I hate household tasks. They’re boring. Life will hold demands unless you’re completely spoilt and you only focus on what you want to do. But that’s life. I have three kids, two with complex special needs and I work PT. My husband works FT and does bits in the house but not loads. Yes our house could be cleaner but we do what needs to be done. Your husband sounds like a whiner. He’s at home, so he has to pull his weight.

randolph78 · 27/06/2020 13:57

I'm feeling sorry for your OH here. From what you've said it's not that he's unwilling to do anything at all. Rather the issue is that you have much higher standards than him. So he's doing extra work really entirely for your benefit as he doesn't care if the house is spotless or even any more than 'probably won't kills us' clean. I wonder if you need to make it a specific chore set for a specific set number of hours a week so that he can then resign himself to having to do some things but so that it doesn't feel like he's constantly trying to make things good enough for you? I don't think it's lazy to have different standards to you but equally you can't just be expected to live how he'd live. Sounds like a challenge to find the right compromise for both of you.

NoMoreDickheads · 27/06/2020 13:58

He could work full time and earn enough to pay a cleaner.

He wouldn't even have to work any different hours. I had a cleaner once a week when I'm not earning and am on a low income. A lot of people with disabilities do, for instance. It can be done if someone prioritizes it. My mum had a cleaner when the household income wasn't massively high- she just found housework too much on top of work.
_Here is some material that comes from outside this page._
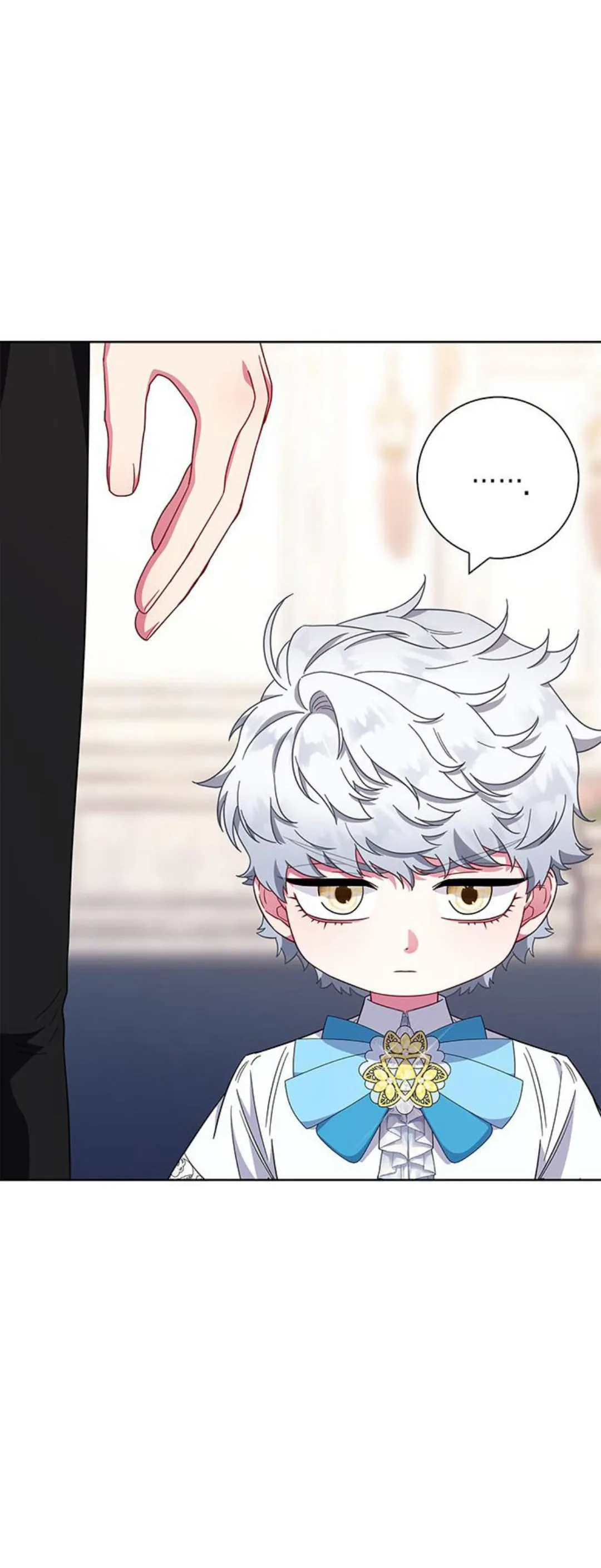I Became the Mother of the Bloody Male Chapter 20 page 10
I don't know if this meant my dad wasn't doing much- probably I suppose. He wasn't working at the time.

FearTheFearless · 27/06/2020 13:58

Thank you all for posting.

I'm reading and digesting it all.

For those asking, my standards are not high. I find cleaning and tidying difficult (as does he). The difference is, I don't resent doing it as I enjoy the results. He doesn't.

For those asking why I'm "making a problem" out of this... have you ever tried living with someone who's sad and resentful? If not, I wouldn't wish it on you.